BEGIN
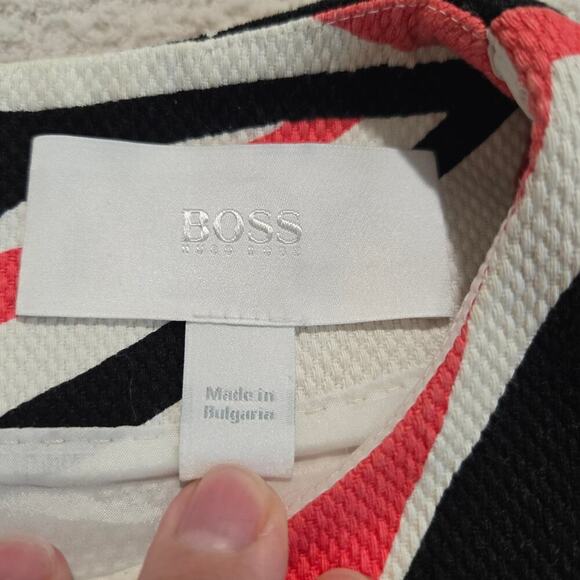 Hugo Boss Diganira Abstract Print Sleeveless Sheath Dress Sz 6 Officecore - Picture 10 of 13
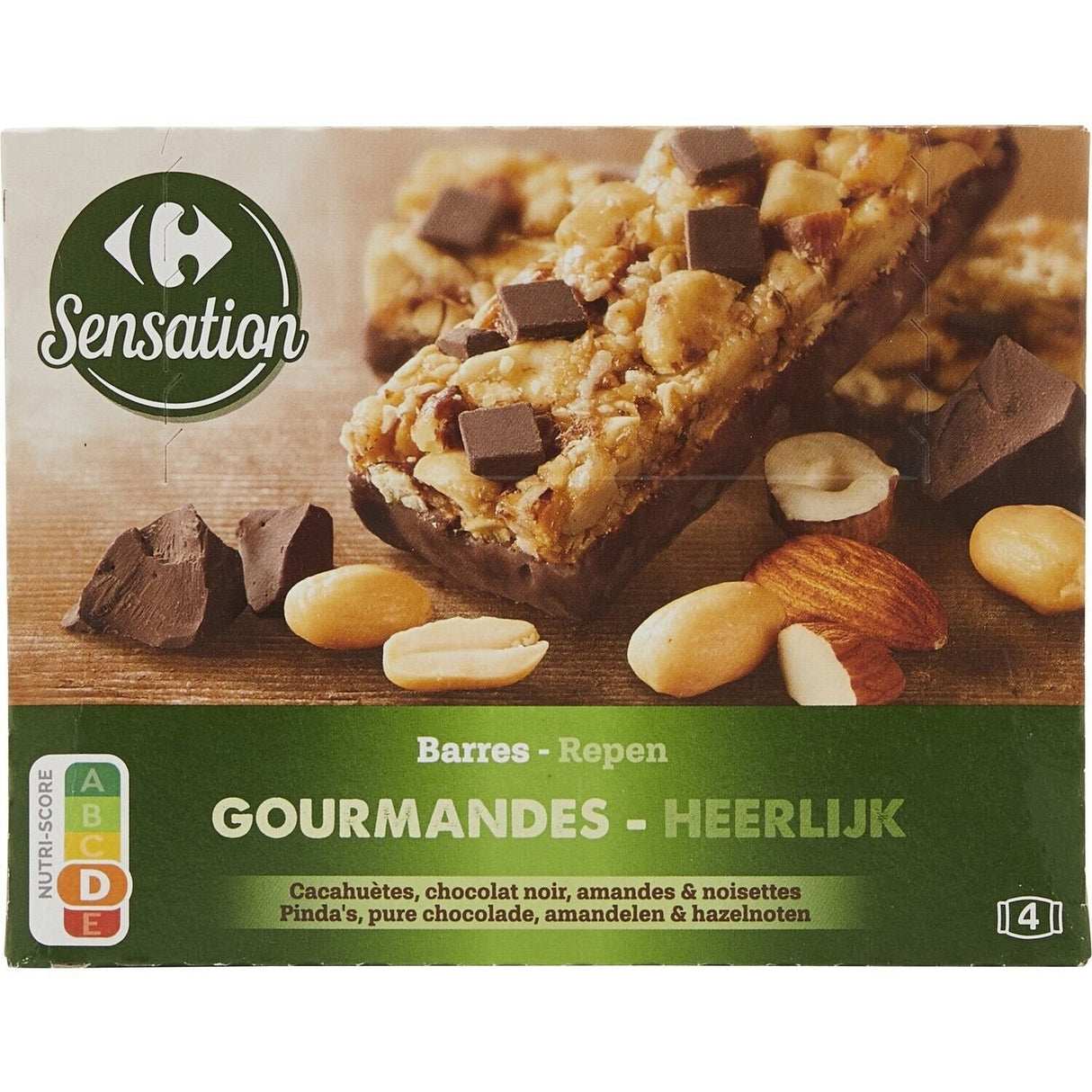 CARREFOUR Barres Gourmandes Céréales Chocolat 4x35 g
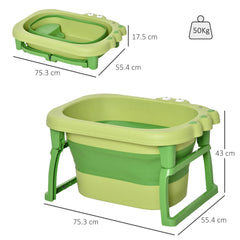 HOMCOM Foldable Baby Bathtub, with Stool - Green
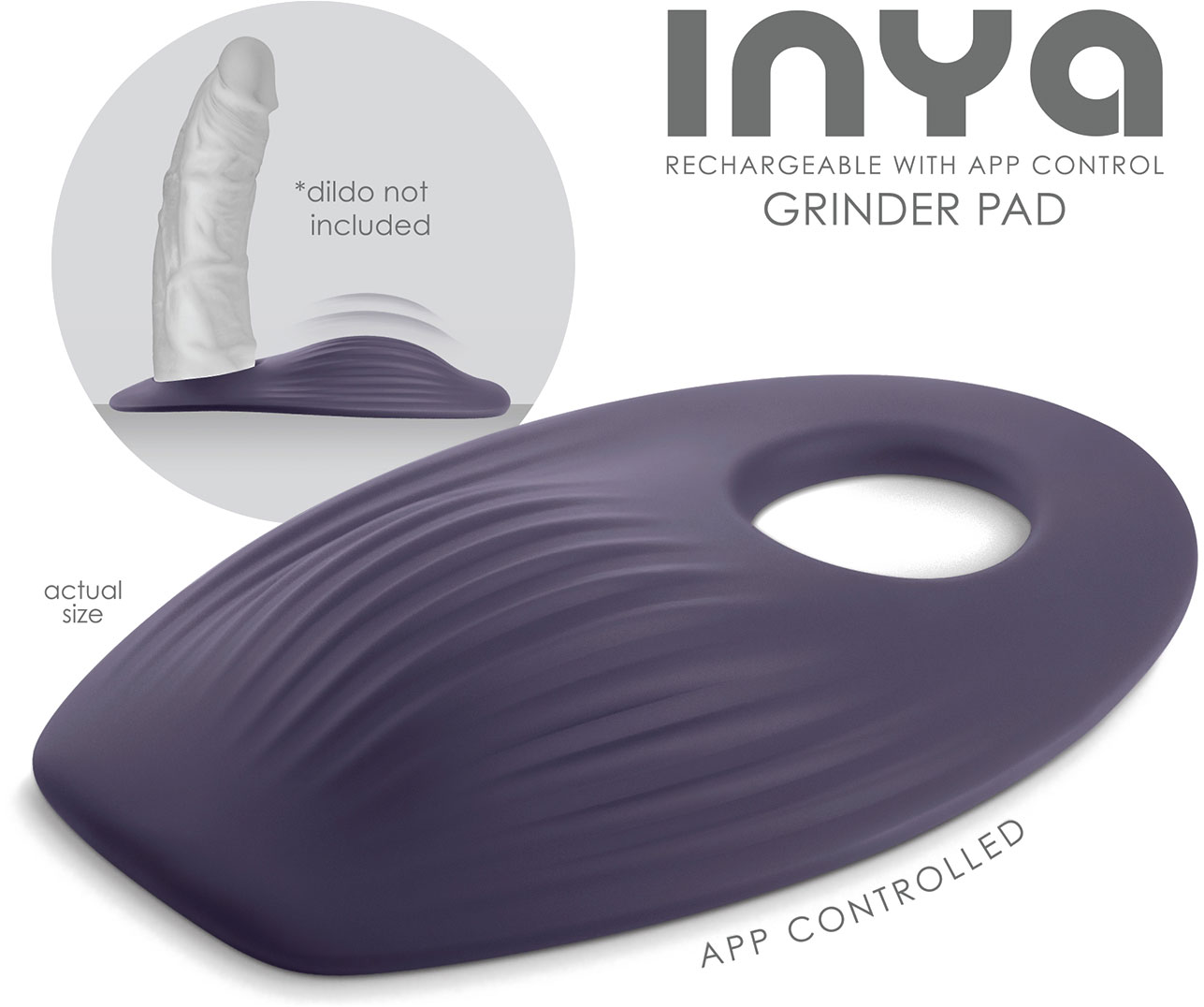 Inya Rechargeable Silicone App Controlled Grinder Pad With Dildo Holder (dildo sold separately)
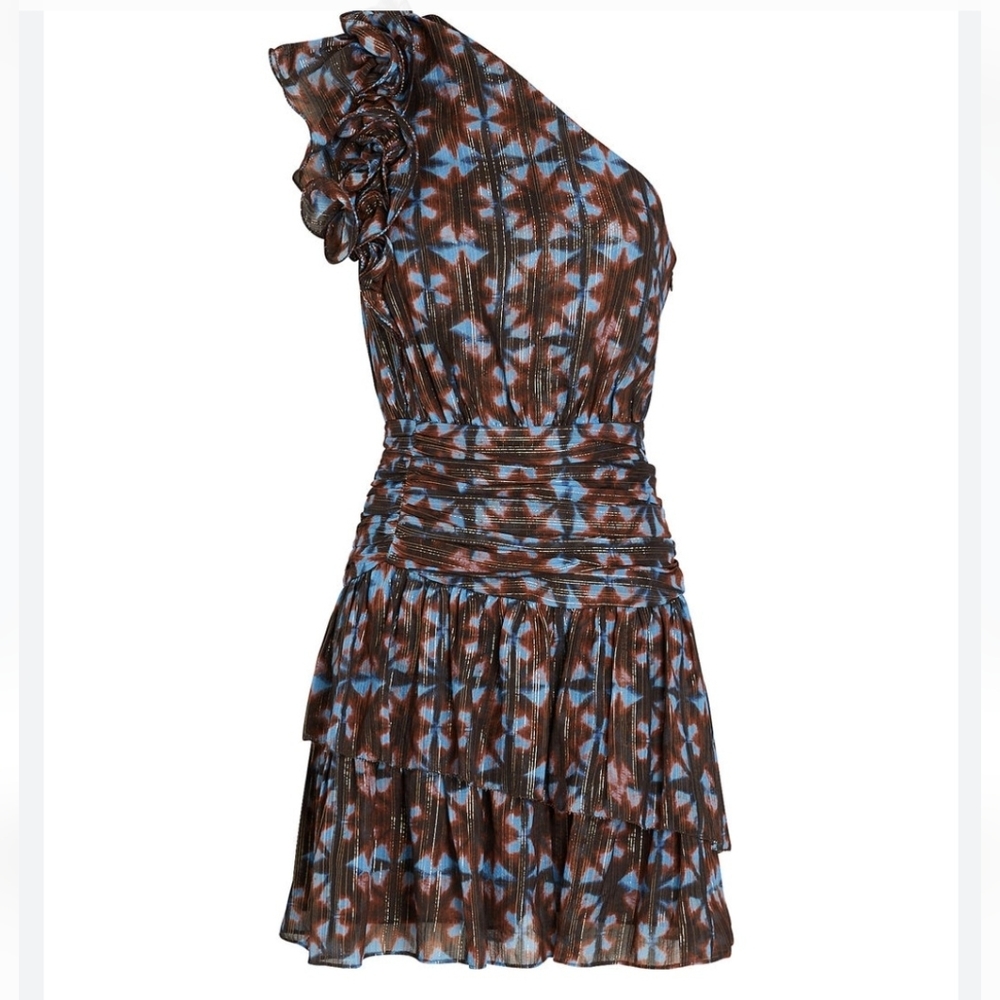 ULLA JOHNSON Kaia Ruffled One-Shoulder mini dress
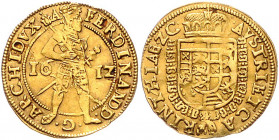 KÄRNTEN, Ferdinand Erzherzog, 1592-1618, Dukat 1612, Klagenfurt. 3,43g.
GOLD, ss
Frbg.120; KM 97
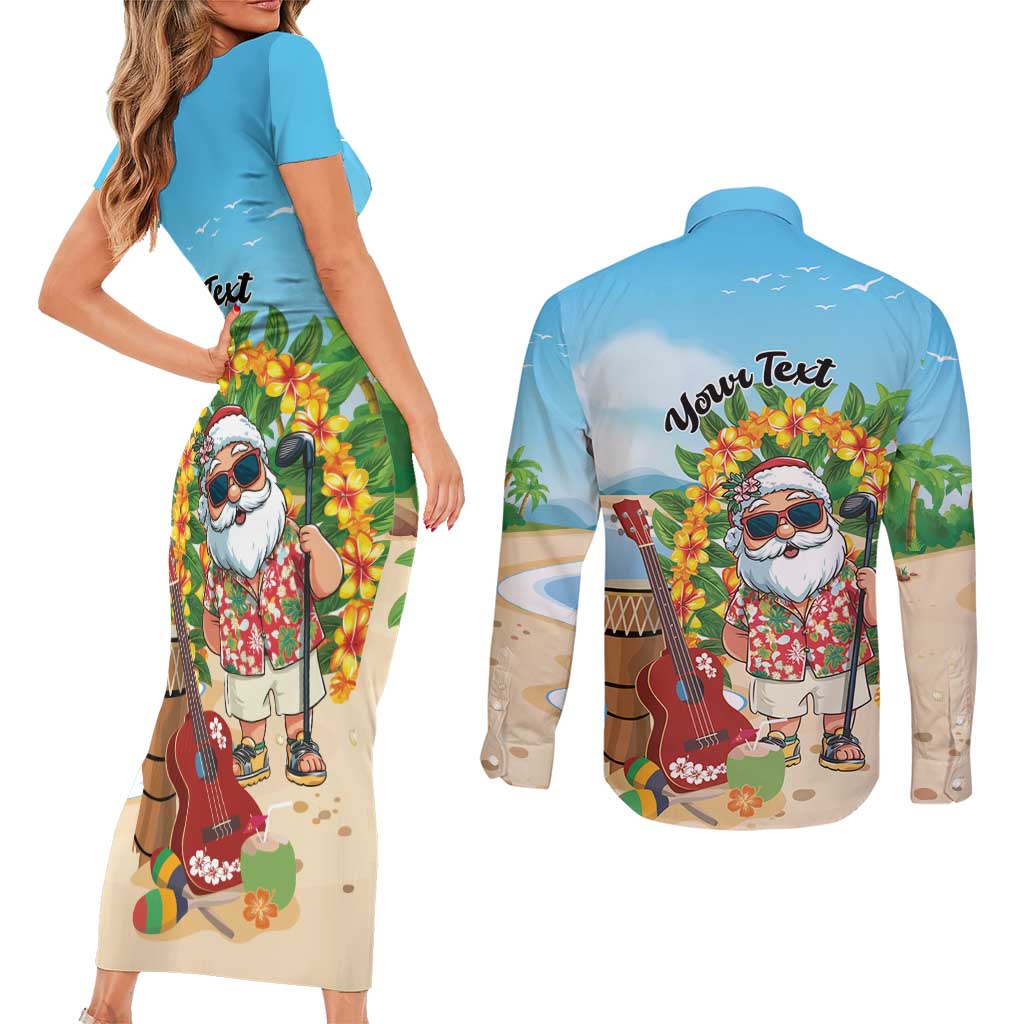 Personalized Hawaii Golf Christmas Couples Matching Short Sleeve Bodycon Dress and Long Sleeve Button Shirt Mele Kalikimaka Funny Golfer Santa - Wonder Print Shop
END
• Task brief
What you output must match the data exactly, apart from the pictures, which are left out.

• Output
 Hugo Boss Diganira Abstract Print Sleeveless Sheath Dress Sz 6 Officecore - Picture 10 of 13
 CARREFOUR Barres Gourmandes Céréales Chocolat 4x35 g
 HOMCOM Foldable Baby Bathtub, with Stool - Green
 Inya Rechargeable Silicone App Controlled Grinder Pad With Dildo Holder (dildo sold separately)
 ULLA JOHNSON Kaia Ruffled One-Shoulder mini dress
 KÄRNTEN, Ferdinand Erzherzog, 1592-1618, Dukat 1612, Klagenfurt. 3,43g.
GOLD, ss
Frbg.120; KM 97
 Personalized Hawaii Golf Christmas Couples Matching Short Sleeve Bodycon Dress and Long Sleeve Button Shirt Mele Kalikimaka Funny Golfer Santa - Wonder Print Shop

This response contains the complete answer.